Gourmet low-cost? A 9 explica

Frederico Roquette, CEO 9 The Creative Shop “Somos aquilo a que chamamos “gourmet low-cost””. Esta é uma das razões apontadas por Frederico Roquette para distinguir a 9 The Creative Shop da concorrência. Em entrevista ao Briefing, o CEO e diretor criativo da agência fala das novas contas que ganharam em 2013, das perspetivas para 2014 e de como a crise se tornou numa grande oportunidade.

Briefing | Como foi o ano para a 9 The Creative Shop?

Frederico Roquette | Custa-me dizer, com tantos negócios e profissionais próximos de nós a sofrer com a crise que atravessamos, mas a verdade é que o ano de 2013 foi excelente para a 9. Ganhámos cerca de 6 novas contas e implementámos projetos muito relevantes para os nossos clientes.

Briefing | Quais as perspetivas para 2014?

FR | Reforçámos quer a carteira de clientes quer a equipa da agência, para responder com o alto nível de qualidade a que nos obrigamos. Manter e aumentar, diariamente, esse nível de qualidade de resposta é o grande objectivo para o ano que vem. Com o Banco Santander Totta de volta à 9, a entrada da Orangina Schweppes (TriNa, Joi, Sunny Delight), UCI, GS1 Portugal, Credibom, Amarguinha, entre outros, estamos a investir muito na qualidade criativa e no desenvolvimento das nossas capacidades dentro de novos suportes para além dos tradicionais, como é o caso do digital.

Briefing | Como é que a agência se distingue da concorrência?

FR | Com base no feedback que temos de alguns clientes, por 4 razões:

Disponibilidade: Estamos sempre lá quando as oportunidades aparecem aos nossos clientes. Com flexibilidade e sem processos burocráticos, antiquados e ultrapassados. Um valor que, parecendo superficial, se pode tornar essencial em tempo de crise.

Proximidade: Nunca ficamos parados à espera de um projeto. Queremos estar sempre dentro dos planos e projetos do nosso cliente, dia-a-dia. E assim contribuir ativamente para o seu crescimento a todos os níveis, não só de comunicação mas também no desenvolvimento de produtos, na gestão interna e em tudo que possa envolver criatividade.
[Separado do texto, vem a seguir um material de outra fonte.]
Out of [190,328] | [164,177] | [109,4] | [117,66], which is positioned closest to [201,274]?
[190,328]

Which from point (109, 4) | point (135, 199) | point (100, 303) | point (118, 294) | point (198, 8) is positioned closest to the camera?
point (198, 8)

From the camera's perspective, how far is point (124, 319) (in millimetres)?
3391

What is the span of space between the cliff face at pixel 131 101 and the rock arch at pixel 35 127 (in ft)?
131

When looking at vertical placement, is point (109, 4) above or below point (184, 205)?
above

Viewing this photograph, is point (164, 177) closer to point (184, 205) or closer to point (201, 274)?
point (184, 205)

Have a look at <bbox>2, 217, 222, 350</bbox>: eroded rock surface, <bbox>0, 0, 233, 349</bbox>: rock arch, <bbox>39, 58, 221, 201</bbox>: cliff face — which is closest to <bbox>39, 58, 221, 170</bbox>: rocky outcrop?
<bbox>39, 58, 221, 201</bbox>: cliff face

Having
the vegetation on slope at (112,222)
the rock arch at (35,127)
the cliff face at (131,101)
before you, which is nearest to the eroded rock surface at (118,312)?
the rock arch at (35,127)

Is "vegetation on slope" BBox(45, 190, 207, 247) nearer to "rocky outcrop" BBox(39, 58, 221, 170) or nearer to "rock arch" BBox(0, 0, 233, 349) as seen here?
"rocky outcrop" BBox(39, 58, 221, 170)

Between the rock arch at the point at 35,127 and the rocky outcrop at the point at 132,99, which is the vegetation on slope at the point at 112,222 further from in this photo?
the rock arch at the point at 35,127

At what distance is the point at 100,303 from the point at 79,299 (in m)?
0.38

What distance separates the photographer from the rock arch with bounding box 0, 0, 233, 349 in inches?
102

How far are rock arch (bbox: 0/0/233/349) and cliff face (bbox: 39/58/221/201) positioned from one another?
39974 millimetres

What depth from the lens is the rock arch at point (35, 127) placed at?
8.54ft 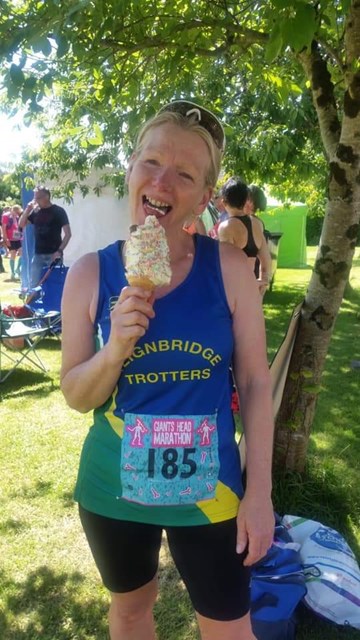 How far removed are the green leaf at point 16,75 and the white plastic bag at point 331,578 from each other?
269 cm

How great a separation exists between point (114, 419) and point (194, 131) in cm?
90

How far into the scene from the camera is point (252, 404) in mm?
1596

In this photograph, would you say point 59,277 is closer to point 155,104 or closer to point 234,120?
point 234,120

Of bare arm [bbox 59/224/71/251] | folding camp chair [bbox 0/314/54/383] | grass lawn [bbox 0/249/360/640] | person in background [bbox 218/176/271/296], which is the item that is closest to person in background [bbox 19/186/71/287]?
bare arm [bbox 59/224/71/251]

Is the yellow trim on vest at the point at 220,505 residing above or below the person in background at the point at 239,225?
below

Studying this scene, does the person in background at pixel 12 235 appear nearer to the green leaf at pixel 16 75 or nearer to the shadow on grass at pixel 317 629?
the green leaf at pixel 16 75

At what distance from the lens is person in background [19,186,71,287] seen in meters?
8.76

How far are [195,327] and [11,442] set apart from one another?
3679 mm

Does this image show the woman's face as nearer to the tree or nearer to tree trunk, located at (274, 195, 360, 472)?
the tree

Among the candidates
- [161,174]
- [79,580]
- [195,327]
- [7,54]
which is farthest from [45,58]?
[79,580]

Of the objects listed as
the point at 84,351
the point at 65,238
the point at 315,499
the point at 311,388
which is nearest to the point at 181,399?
the point at 84,351

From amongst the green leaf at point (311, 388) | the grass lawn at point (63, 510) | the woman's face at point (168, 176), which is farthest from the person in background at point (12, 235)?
the woman's face at point (168, 176)

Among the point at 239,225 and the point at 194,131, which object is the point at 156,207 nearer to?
the point at 194,131

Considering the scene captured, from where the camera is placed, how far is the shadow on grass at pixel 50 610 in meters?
2.61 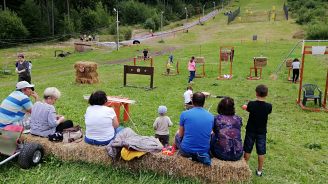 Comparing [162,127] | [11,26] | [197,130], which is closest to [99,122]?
[162,127]

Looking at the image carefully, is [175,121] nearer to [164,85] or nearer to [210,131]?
[210,131]

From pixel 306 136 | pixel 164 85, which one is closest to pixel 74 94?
pixel 164 85

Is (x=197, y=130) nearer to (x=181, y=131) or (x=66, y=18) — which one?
(x=181, y=131)

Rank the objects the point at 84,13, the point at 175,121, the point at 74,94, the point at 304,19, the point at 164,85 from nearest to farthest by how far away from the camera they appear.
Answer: the point at 175,121
the point at 74,94
the point at 164,85
the point at 304,19
the point at 84,13

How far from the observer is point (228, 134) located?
6.51 metres

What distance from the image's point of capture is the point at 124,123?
35.6 ft

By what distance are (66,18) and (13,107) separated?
6984 cm

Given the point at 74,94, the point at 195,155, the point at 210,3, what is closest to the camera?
the point at 195,155

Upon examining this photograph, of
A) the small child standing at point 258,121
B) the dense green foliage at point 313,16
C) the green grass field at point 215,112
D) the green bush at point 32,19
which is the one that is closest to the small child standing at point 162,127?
the green grass field at point 215,112

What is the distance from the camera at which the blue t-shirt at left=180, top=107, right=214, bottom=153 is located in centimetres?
640

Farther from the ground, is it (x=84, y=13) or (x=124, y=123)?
(x=84, y=13)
Competitividade: Somos aquilo a que chamamos “Gourmet Low-cost”, ao retirarmos da 9 na sua criação, o “excesso de gordura” das agências tradicionais, conseguimos oferecer custos competitivos, sem cortar na qualidade das equipas.

Coerência: Temos uma equipa “treinada” e preparada para trabalhar de forma coerente todos os suportes de comunicação above, below e online para que as campanhas ganhem força, equidade criativa e se tornem inovadoras.

Briefing | A crise no sector foi uma oportunidade ou uma fatalidade?

FR | Para nós foi, sem dúvida, uma grande oportunidade. Não foi uma questão de sorte ou de acaso, foi mesmo uma questão estratégica. Sabemos bem que o nosso modelo revoluciona o conceito de agência no formato e nos custos, tornando as crises uma época muito mais fácil de penetrar em segmentos que muitas vezes estão, por inércia da estabilidade financeira, fechados à experimentação de novos métodos. No fundo, os clientes perdem um certo “snobismo” dentro do sistema comum da escolha de agência e passam a considerar as alternativas interessantes.

Briefing | Porque é que a agência “está em contraciclo desde 1999”, como se diz no site?

FR | Porque ao nascermos no seio de uma crise (98/99) acabámos por criar alguma imunidade a estes ciclos económicos desfavoráveis, sabemos reagir e até ajudar os nossos clientes a ultrapassar estas fases. Todos os anos de crise crescemos, este ano foi talvez o ano de maior crescimento. Mas também porque, ao inovarmos e evoluirmos o conceito de agência, acabamos por andar ao contrário da concorrência.

Briefing | Que projetos é que tem na área da internacionalização?

FR | Ora aqui está um bom exemplo de contraciclo da 9, no auge da crise tudo pedalou para Angola, nós ficámos a cimentar relações em Portugal com clientes que estavam realmente a precisar de ajuda das suas agências nessa altura. Pedalámos na direção oposta e deu frutos.